Without the pictures, output all of the data exactly.

Supplied data:

━━━

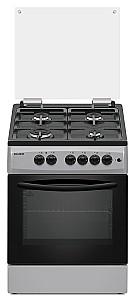 Aragaz, Plita de gaz Bauer TE 6640 SBLCT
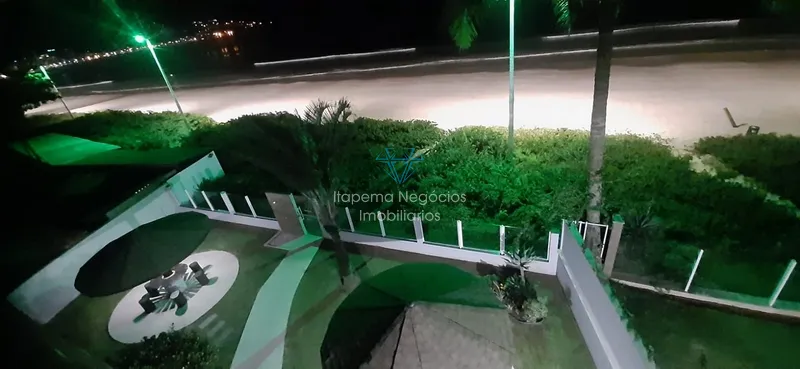 Avenida Nereu Ramos no Estreito de Itapema.: 2ª foto da galeria de imagens do imóvel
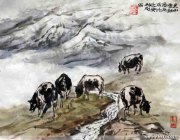 杨禄魁作品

━━━

Exercise answer:
 Aragaz, Plita de gaz Bauer TE 6640 SBLCT
 Avenida Nereu Ramos no Estreito de Itapema.: 2ª foto da galeria de imagens do imóvel
 杨禄魁作品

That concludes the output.